Information provided START

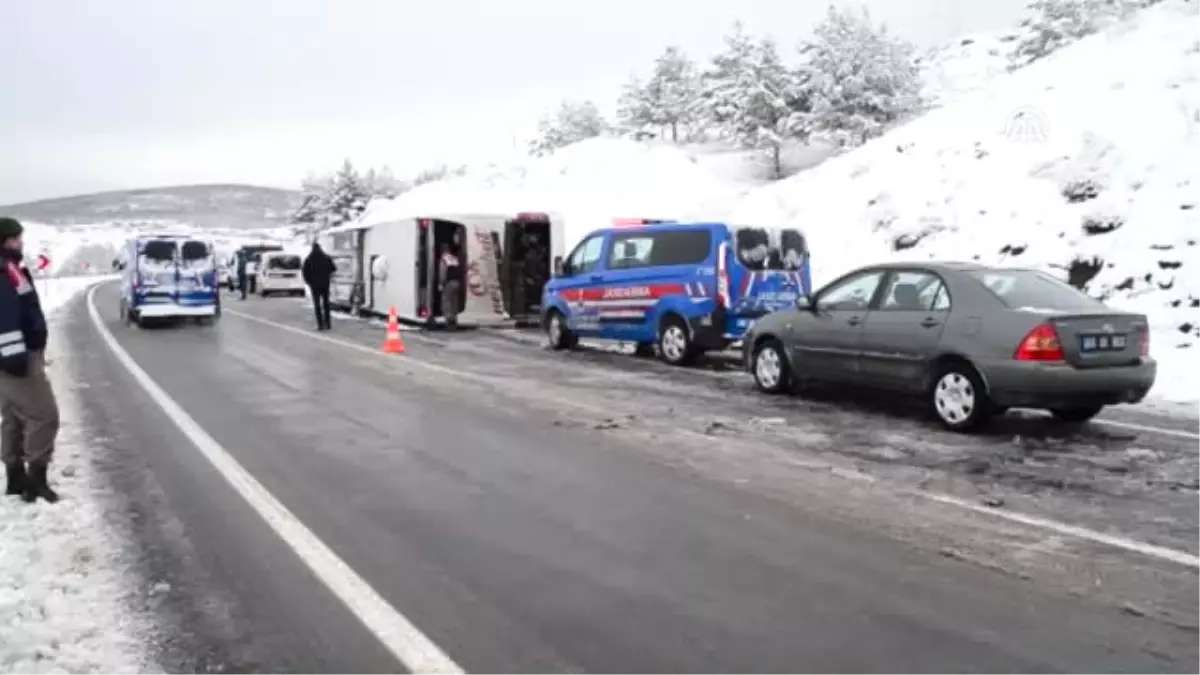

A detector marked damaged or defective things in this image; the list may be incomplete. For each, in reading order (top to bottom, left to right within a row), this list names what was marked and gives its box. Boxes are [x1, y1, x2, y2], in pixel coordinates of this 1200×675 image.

overturned bus [316, 211, 564, 328]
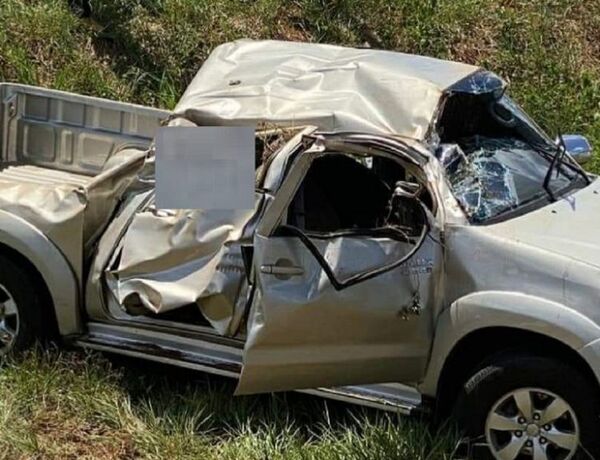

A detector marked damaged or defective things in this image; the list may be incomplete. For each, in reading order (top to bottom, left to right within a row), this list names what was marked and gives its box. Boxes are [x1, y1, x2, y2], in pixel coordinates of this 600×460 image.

shattered windshield [440, 136, 580, 224]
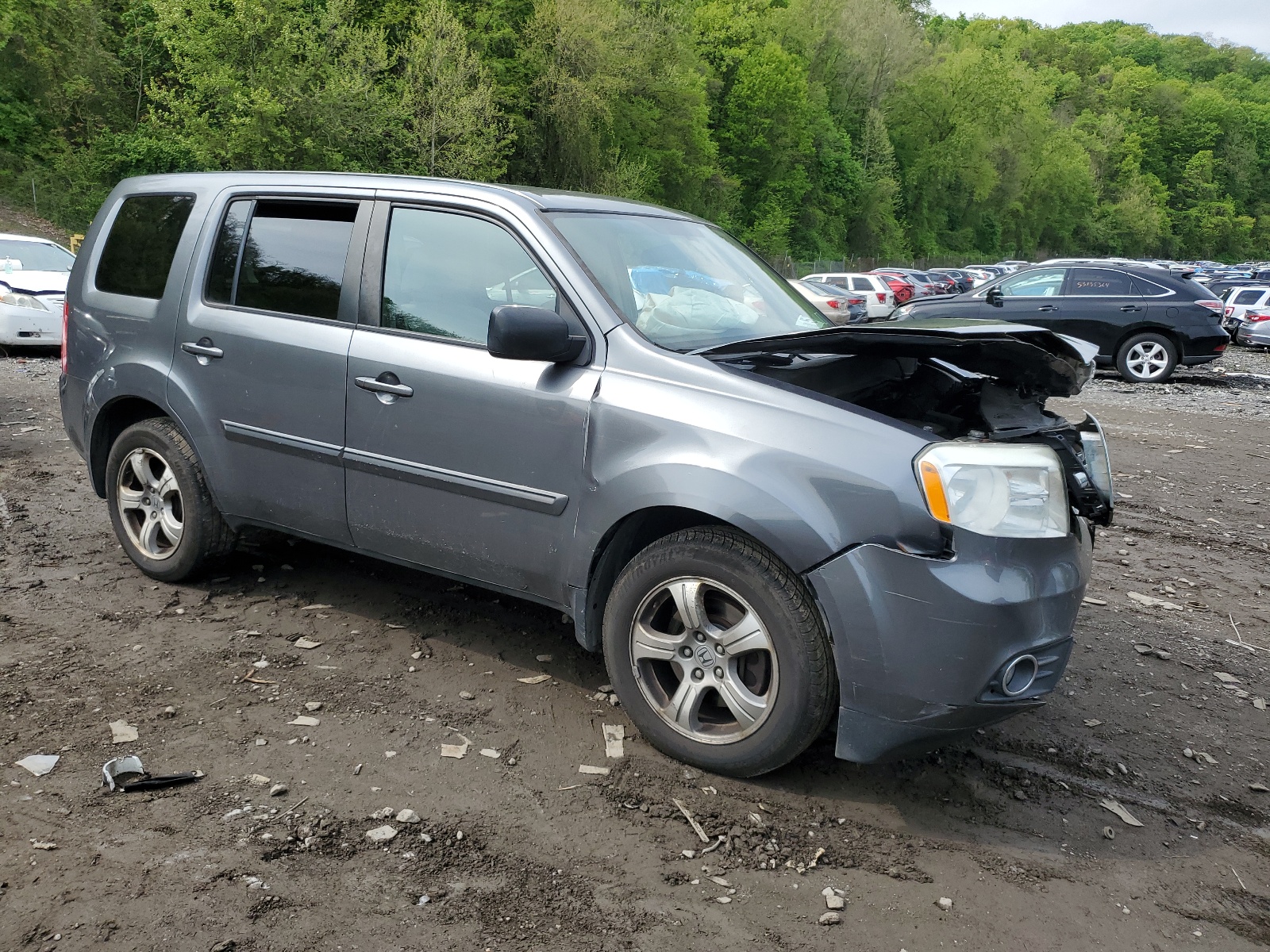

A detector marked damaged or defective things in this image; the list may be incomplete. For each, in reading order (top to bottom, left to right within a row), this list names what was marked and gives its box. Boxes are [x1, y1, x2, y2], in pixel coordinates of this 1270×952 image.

crumpled hood [0, 270, 68, 297]
crumpled hood [695, 318, 1102, 396]
damaged front end [701, 318, 1118, 530]
broken headlight [919, 444, 1067, 540]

Information provided END

The expected output is every entry above, retyped exactly, with the pictures removed.

A detector marked damaged or defective things in this image; the list may be incomplete. For each, in reading order (top to bottom, left to right within a row), this list names what was marked and gives its box. Boxes are [x1, y1, x2, y2], in pixel coordinates of this 1200×675 image.

overturned bus [316, 211, 564, 328]

A detector marked damaged or defective things in this image; the list may be incomplete. For each, in reading order (top to bottom, left to right within a row), this list names what was marked and gives its box. Boxes are [x1, y1, x2, y2], in pixel coordinates of this 600×460 image.

shattered windshield [440, 136, 580, 224]

A detector marked damaged or defective things in this image; the list may be incomplete. For each, in reading order (top to bottom, left to right within a row), this list names what was marked and gives its box. Boxes are [x1, y1, x2, y2], in pixel coordinates of this 1270×952 image.

crumpled hood [0, 270, 68, 297]
crumpled hood [695, 318, 1102, 396]
damaged front end [701, 318, 1118, 530]
broken headlight [919, 444, 1067, 540]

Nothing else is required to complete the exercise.